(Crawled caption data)

---

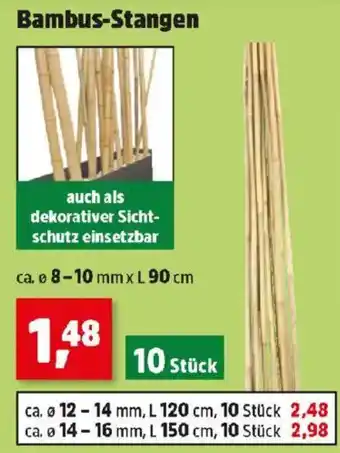 Thomas Philipps Bambus-Stangen Angebot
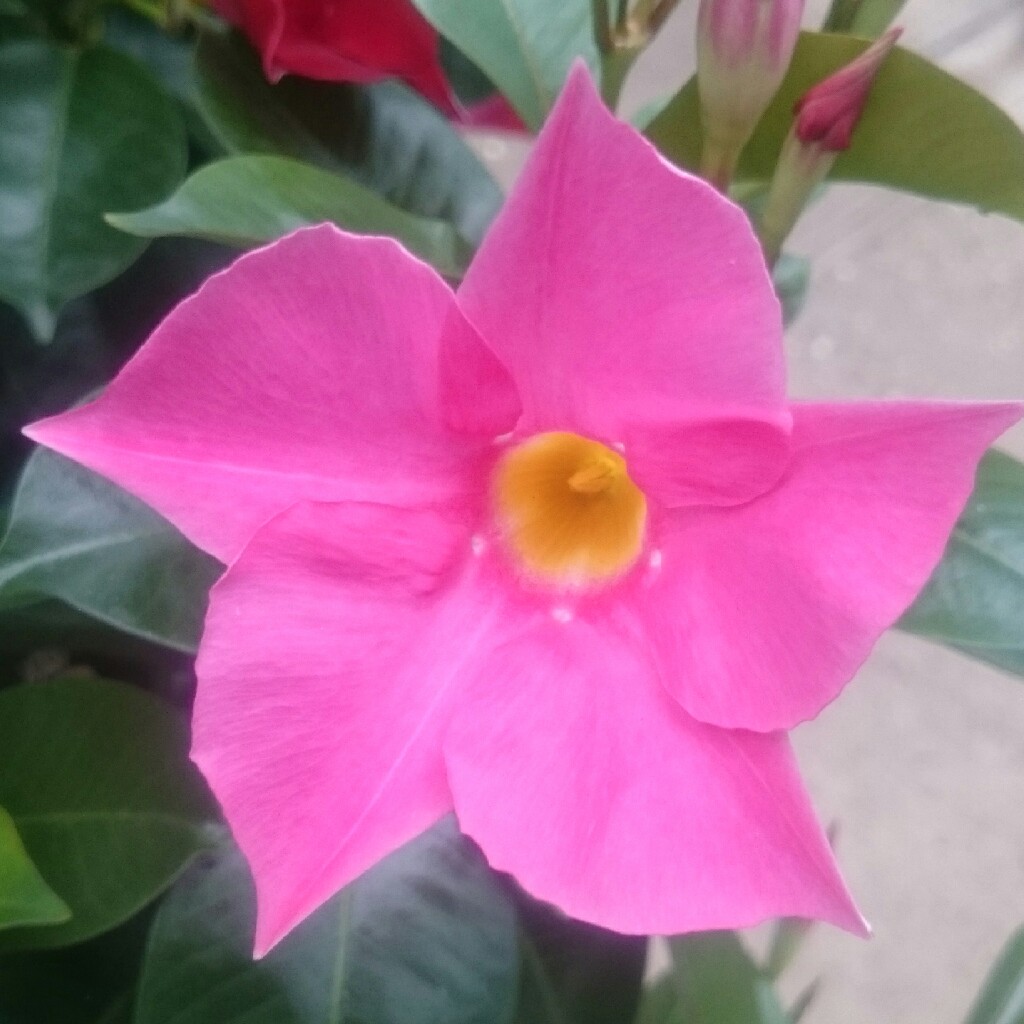 Plant image Mandevilla Sanderi syn. Dipladenia 'Scarlet Pimpernel'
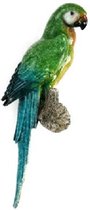 Voor iedere vogel- en natuurliefhebber is deze handgemaakte papegaai een musthave! Prachtig afgewerkt tot in detail met mooie kleuren die in elkaar overlopen. Voor uzelf of Bestel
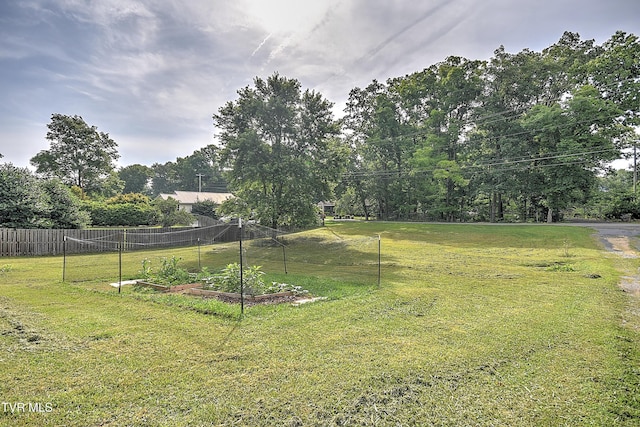 524 Boring Chapel Rd, Gray, TN 37615 - view of yard featuring a garden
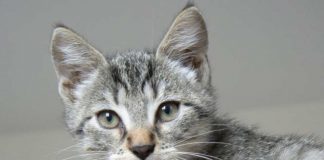 gatto capisce persona cattiva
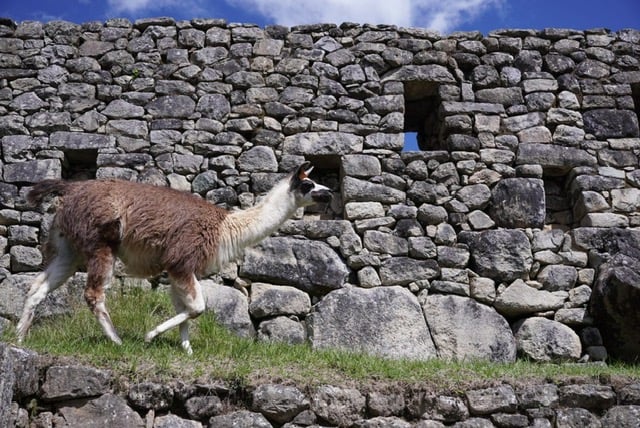 Llama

---

Excerpt from the records above: set down only the lines from the one that contains "Plant image Mandevilla" through the one that contains "524 Boring Chapel", inclusive, word for word. Pictures stay out.

 Plant image Mandevilla Sanderi syn. Dipladenia 'Scarlet Pimpernel'
 Voor iedere vogel- en natuurliefhebber is deze handgemaakte papegaai een musthave! Prachtig afgewerkt tot in detail met mooie kleuren die in elkaar overlopen. Voor uzelf of Bestel
 524 Boring Chapel Rd, Gray, TN 37615 - view of yard featuring a garden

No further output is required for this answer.